Justin took his drum out of his shoulder bag and then a candle holder and a small incense burner. ‘I expect wind and rain in my job. More often than not I need several matches.’ He grinned at her. ‘Say and do whatever you feel is right, Abi. There are no rules for this kind of occasion.’
She reached into her pocket and drew out the Serpent Stone. ‘I went up and fetched it before we came out here. I thought it might help to contact them.’ She was aware of the rustle and hiss of leaves around them. She watched as, sheltering the flame with the flap of his jacket, he lit the little charcoal block under the incense and sprinkled on a few grains of resin from a small jar. The blue trail of smoke was whipped away from them. She could smell nothing. As her hand went to the little cross around her neck she closed her eyes.
Romanus was tall for his age and thin, a good-looking boy with brown eyes and a gentle intelligent face. She could see the streaks of blood down his cheek, the worse, more terrible stains on his tunic. Cynan had the druidic tonsure, he was taller, more solid, a sadness in his eyes as though he had always known what his own terrible fate would be. ‘Flavius.’ She heard the name as a hiss of rain, a rhythm in the gentle drumbeat. ‘Flavius must not be allowed to continue his persecution. He must be stopped.’
She stared round. The apple trees were gone. Instead she was standing in an olive grove. She could smell warm earth and fragrant sunshine. Flavius was standing alone with his back to her. Beyond him she could see the red terracotta tiles of a roof and somehow she knew it was his father’s house. He had returned home. As he swung to face her she saw the haunted eyes, the face grey with exhaustion and she knew what he was going to do even before he drew the short sword. He held it up. Had his father guessed what he had done? Was the guilt of the blood of his own brother and his brother’s son too much to bear? He was hesitating. He was thinking of his duty to his Emperor. His knuckles whitened round the sword hilt as he lowered it, the blade flashing in the warm Etruscan sun. His doubt was going. She saw his jaw grow firm, his eyes hard.

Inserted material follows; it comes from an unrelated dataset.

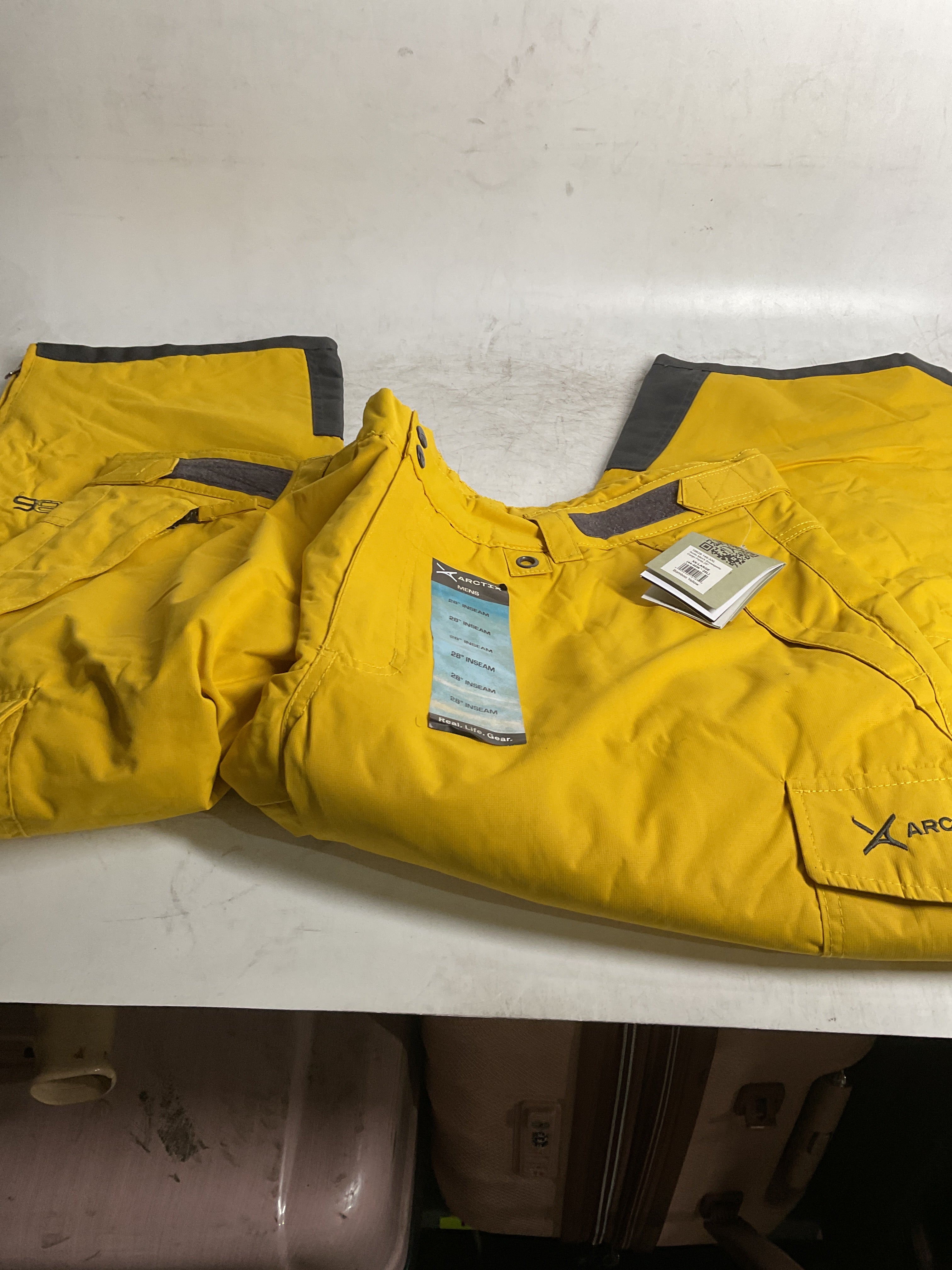 Arctix Men's Insulated Snowsports Cargo Pant ( Bamboo Yellow , XX-Large/28" Inseam ) Bamboo Yellow XX Large 28 Inseam U6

‘Do it,’ Abi whispered. ‘The voice of thy brother’s blood crieth from the ground!’
She saw his eyes widen as he looked round. The olive leaves rustled in the wind and small dust eddies rose and spun around his sandaled feet.
‘Who’s there?’ he called. The sword was raised again now, pointing towards her although she didn’t think he could see her. Then she realised he could. He was remembering the days of his youth when he had consulted a sibyl near the Temple of the Vestals in Rome and bought charms to win Lydia and then curses when they didn’t work. When he had gone to ask for his money back she had spitefully told him that she had seen in her scrying bowl his doom in a woman’s eyes, the eyes which were now gazing at him from a different time and place.
‘Lydia?’ he called. His voice was harsh with terror.
Abi felt herself take a step forward and she saw his face freeze. ‘Mora?’
‘Do it!’ She wasn’t sure if she had spoken or if the voice was someone else’s, but the words seemed to come from her. The voice of thy brother’s blood is crying out for revenge.’
He gave a sob. ‘No!’
‘Do it!’
Behind him she saw a man’s figure through the trees. Flavius turned and saw it too. ‘Father!’ It was a broken whisper and in it Abi knew his father had discovered what he had done to his brother. ‘I’m sorry.’
His movement was almost too quick to follow. He reversed the sword, gripped the hilt in both hands, and drove it with every last ounce of strength he possessed into his own stomach. For a moment he stood, his face wiped of expression, his eyes huge and glassy, then he fell forward onto the blade.
The wind had grown stronger. She could feel the rain, cold, on her face. The drumming had stopped and slowly she realised that Justin had taken her in his arms. ‘I killed him,’ she whispered. ‘I killed him.’
He shook his head. ‘He killed himself.’
‘You saw?’ She stared at him. She had begun to shiver violently.